As obras de Goytisolo (anexo 1), pelas particularidades que apresentam, têm sido estudadas e analisadas ao longo das últimas décadas e na atualidade é possível encontrar uma fortuna crítica abrangente, que oferece ao pesquisador um expressivo campo de estudo e pesquisa que possibilita uma interlocução com toda a sua novelística. Estudar sua obra e analisar a forma como propõe, em sua narrativa autoficcional, uma teoria crítica que abarca e atualiza diferentes conceitos tais como identidade, marginalidade, correntes socialmente minoritárias, exclusão, inclusive a própria ideia de modernidade, configura-se para nós um instigante meio de participação no debate acadêmico.

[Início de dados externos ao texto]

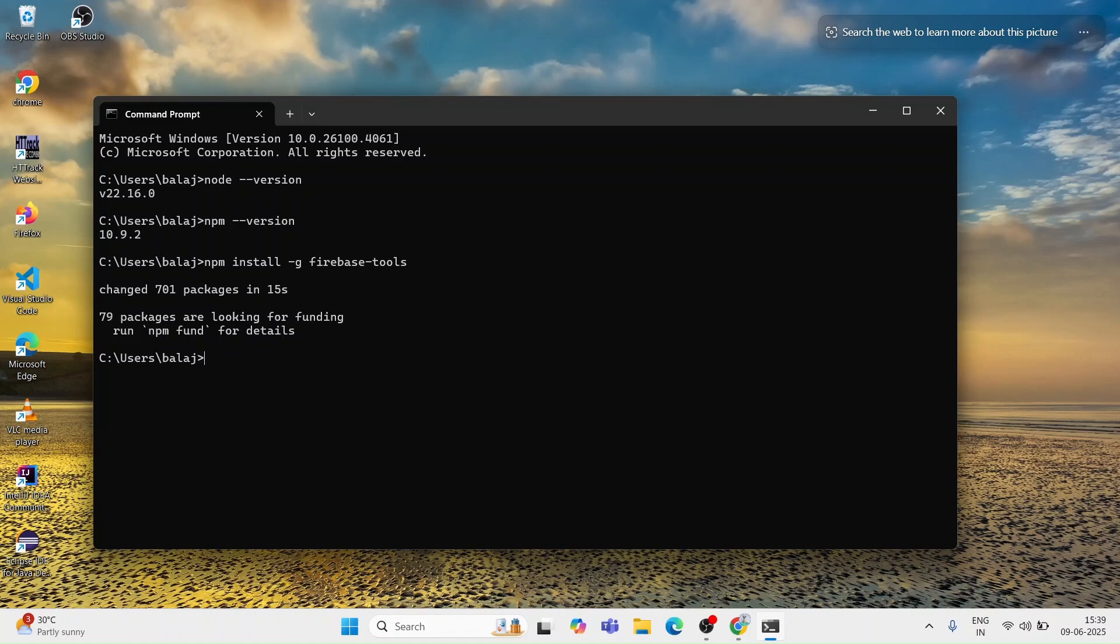Let's confirm Firebase is installed properly. For that you can just type the command firebase--version. You can see it's showing the version of Firebase, so that means Firebase is also properly installed in your system and is ready to use.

Nossa opção por esse autor e pelas obras que compõem a Trilogia Álvaro Mendiola, corpus deste estudo, tem sua origem a partir do curso de mestrado, concluído em 2010, quando analisamos sua narrativa autobiográfica em Coto vedado (1985). Responde também a um anseio de poder contribuir com o debate sobre alguns aspectos da produção do autor, os quais contemplam desde a discussão sobre o próprio tema, ainda bastante controverso, do gênero autoficção, até a questão, considerada central na estética de Juan Goytisolo - o seu questionamento do que seria a entidade Espanha e seus desdobramentos e que constitui o leitmotiv de grande parte de sua criação.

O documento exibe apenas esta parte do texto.